Records to use:

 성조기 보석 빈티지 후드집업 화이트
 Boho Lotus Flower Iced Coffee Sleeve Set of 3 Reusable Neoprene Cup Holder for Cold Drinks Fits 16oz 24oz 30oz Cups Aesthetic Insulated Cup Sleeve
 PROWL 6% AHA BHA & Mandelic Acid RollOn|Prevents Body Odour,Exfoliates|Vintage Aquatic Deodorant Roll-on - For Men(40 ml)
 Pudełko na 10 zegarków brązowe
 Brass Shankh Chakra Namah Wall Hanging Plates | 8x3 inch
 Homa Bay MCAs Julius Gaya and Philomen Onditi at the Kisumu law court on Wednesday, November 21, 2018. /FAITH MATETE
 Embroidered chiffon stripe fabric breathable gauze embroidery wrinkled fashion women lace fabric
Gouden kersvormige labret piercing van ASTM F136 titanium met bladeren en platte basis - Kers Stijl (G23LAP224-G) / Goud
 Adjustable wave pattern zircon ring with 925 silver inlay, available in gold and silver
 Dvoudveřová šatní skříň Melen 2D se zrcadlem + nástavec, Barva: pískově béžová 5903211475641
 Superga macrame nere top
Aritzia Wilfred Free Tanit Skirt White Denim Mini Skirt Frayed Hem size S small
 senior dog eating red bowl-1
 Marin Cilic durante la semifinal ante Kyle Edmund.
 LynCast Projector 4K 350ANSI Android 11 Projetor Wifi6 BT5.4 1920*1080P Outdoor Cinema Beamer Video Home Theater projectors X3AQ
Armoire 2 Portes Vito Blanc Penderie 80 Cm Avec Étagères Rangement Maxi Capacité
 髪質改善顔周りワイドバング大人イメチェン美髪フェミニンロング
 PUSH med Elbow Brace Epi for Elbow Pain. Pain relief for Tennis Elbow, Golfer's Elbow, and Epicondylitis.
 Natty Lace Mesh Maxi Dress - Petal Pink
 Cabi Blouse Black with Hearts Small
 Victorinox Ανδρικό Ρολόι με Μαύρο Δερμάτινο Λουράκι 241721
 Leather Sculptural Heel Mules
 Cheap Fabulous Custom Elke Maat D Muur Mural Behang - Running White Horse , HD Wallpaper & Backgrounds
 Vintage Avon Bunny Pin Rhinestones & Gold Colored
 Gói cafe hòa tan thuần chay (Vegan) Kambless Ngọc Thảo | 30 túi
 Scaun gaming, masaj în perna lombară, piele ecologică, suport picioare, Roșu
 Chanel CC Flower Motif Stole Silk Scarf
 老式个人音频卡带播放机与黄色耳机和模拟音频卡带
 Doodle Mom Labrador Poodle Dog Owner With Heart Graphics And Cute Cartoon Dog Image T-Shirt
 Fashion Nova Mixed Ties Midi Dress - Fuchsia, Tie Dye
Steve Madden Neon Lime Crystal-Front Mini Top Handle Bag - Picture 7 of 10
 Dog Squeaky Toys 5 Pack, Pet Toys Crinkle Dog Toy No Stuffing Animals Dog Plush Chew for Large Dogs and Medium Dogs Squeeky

Task statement:
Go through the listing above and pull out each line containing the word "White".

Finished exercise:
Aritzia Wilfred Free Tanit Skirt White Denim Mini Skirt Frayed Hem size S small
 Cheap Fabulous Custom Elke Maat D Muur Mural Behang - Running White Horse , HD Wallpaper & Backgrounds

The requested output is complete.